## Your assignment
In full and without deviation, write out the entries that follow.

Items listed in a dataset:
"""
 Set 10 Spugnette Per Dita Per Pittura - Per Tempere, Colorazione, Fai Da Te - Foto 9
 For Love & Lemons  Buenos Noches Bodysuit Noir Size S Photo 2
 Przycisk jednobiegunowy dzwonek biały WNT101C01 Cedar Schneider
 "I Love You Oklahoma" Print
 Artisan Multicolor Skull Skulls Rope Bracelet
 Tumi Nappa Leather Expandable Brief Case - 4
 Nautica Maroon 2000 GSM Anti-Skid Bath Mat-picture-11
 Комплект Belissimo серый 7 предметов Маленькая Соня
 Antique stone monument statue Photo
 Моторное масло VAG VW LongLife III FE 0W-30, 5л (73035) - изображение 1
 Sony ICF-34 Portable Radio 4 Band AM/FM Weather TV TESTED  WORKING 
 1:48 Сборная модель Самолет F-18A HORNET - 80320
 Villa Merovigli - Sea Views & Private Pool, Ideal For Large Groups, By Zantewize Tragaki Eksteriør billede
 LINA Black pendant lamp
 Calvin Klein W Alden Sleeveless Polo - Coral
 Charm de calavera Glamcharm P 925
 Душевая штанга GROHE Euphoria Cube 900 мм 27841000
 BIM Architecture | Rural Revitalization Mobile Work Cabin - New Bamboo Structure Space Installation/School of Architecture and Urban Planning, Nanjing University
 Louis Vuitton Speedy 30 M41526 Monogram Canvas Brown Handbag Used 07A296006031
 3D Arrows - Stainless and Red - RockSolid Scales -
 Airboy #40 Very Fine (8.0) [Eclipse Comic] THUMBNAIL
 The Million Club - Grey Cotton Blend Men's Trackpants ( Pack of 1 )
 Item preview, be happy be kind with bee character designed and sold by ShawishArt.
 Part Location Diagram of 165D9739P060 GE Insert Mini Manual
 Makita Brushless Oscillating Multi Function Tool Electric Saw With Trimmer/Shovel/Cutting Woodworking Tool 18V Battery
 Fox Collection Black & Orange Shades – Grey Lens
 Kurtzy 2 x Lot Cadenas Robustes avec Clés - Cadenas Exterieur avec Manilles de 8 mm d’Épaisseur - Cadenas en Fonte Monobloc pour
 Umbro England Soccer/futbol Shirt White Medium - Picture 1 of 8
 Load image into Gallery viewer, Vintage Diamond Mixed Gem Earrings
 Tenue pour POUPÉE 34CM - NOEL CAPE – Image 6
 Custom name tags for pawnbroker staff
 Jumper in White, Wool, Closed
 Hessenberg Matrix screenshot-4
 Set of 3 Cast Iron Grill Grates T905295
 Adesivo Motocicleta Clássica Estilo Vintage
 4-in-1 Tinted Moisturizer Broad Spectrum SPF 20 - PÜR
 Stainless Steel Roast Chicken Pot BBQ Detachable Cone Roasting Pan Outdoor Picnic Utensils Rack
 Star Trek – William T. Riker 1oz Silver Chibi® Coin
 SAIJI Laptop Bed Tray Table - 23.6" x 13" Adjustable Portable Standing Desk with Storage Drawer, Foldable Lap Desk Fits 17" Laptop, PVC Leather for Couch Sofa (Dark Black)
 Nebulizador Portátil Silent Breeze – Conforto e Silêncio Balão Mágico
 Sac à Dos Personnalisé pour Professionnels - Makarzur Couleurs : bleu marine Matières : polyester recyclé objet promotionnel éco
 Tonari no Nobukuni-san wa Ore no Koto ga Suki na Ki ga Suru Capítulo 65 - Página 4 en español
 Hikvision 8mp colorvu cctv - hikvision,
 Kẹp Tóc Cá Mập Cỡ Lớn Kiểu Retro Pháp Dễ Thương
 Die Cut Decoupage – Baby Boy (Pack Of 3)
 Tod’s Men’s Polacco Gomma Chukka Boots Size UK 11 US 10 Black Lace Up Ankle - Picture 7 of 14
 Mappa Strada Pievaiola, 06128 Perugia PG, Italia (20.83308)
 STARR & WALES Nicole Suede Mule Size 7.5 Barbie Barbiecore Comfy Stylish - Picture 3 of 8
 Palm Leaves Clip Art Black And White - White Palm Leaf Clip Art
"""
## Output of the task
 Set 10 Spugnette Per Dita Per Pittura - Per Tempere, Colorazione, Fai Da Te - Foto 9
 For Love & Lemons  Buenos Noches Bodysuit Noir Size S Photo 2
 Przycisk jednobiegunowy dzwonek biały WNT101C01 Cedar Schneider
 "I Love You Oklahoma" Print
 Artisan Multicolor Skull Skulls Rope Bracelet
 Tumi Nappa Leather Expandable Brief Case - 4
 Nautica Maroon 2000 GSM Anti-Skid Bath Mat-picture-11
 Комплект Belissimo серый 7 предметов Маленькая Соня
 Antique stone monument statue Photo
 Моторное масло VAG VW LongLife III FE 0W-30, 5л (73035) - изображение 1
 Sony ICF-34 Portable Radio 4 Band AM/FM Weather TV TESTED  WORKING 
 1:48 Сборная модель Самолет F-18A HORNET - 80320
 Villa Merovigli - Sea Views & Private Pool, Ideal For Large Groups, By Zantewize Tragaki Eksteriør billede
 LINA Black pendant lamp
 Calvin Klein W Alden Sleeveless Polo - Coral
 Charm de calavera Glamcharm P 925
 Душевая штанга GROHE Euphoria Cube 900 мм 27841000
 BIM Architecture | Rural Revitalization Mobile Work Cabin - New Bamboo Structure Space Installation/School of Architecture and Urban Planning, Nanjing University
 Louis Vuitton Speedy 30 M41526 Monogram Canvas Brown Handbag Used 07A296006031
 3D Arrows - Stainless and Red - RockSolid Scales -
 Airboy #40 Very Fine (8.0) [Eclipse Comic] THUMBNAIL
 The Million Club - Grey Cotton Blend Men's Trackpants ( Pack of 1 )
 Item preview, be happy be kind with bee character designed and sold by ShawishArt.
 Part Location Diagram of 165D9739P060 GE Insert Mini Manual
 Makita Brushless Oscillating Multi Function Tool Electric Saw With Trimmer/Shovel/Cutting Woodworking Tool 18V Battery
 Fox Collection Black & Orange Shades – Grey Lens
 Kurtzy 2 x Lot Cadenas Robustes avec Clés - Cadenas Exterieur avec Manilles de 8 mm d’Épaisseur - Cadenas en Fonte Monobloc pour
 Umbro England Soccer/futbol Shirt White Medium - Picture 1 of 8
 Load image into Gallery viewer, Vintage Diamond Mixed Gem Earrings
 Tenue pour POUPÉE 34CM - NOEL CAPE – Image 6
 Custom name tags for pawnbroker staff
 Jumper in White, Wool, Closed
 Hessenberg Matrix screenshot-4
 Set of 3 Cast Iron Grill Grates T905295
 Adesivo Motocicleta Clássica Estilo Vintage
 4-in-1 Tinted Moisturizer Broad Spectrum SPF 20 - PÜR
 Stainless Steel Roast Chicken Pot BBQ Detachable Cone Roasting Pan Outdoor Picnic Utensils Rack
 Star Trek – William T. Riker 1oz Silver Chibi® Coin
 SAIJI Laptop Bed Tray Table - 23.6" x 13" Adjustable Portable Standing Desk with Storage Drawer, Foldable Lap Desk Fits 17" Laptop, PVC Leather for Couch Sofa (Dark Black)
 Nebulizador Portátil Silent Breeze – Conforto e Silêncio Balão Mágico
 Sac à Dos Personnalisé pour Professionnels - Makarzur Couleurs : bleu marine Matières : polyester recyclé objet promotionnel éco
 Tonari no Nobukuni-san wa Ore no Koto ga Suki na Ki ga Suru Capítulo 65 - Página 4 en español
 Hikvision 8mp colorvu cctv - hikvision,
 Kẹp Tóc Cá Mập Cỡ Lớn Kiểu Retro Pháp Dễ Thương
 Die Cut Decoupage – Baby Boy (Pack Of 3)
 Tod’s Men’s Polacco Gomma Chukka Boots Size UK 11 US 10 Black Lace Up Ankle - Picture 7 of 14
 Mappa Strada Pievaiola, 06128 Perugia PG, Italia (20.83308)
 STARR & WALES Nicole Suede Mule Size 7.5 Barbie Barbiecore Comfy Stylish - Picture 3 of 8
 Palm Leaves Clip Art Black And White - White Palm Leaf Clip Art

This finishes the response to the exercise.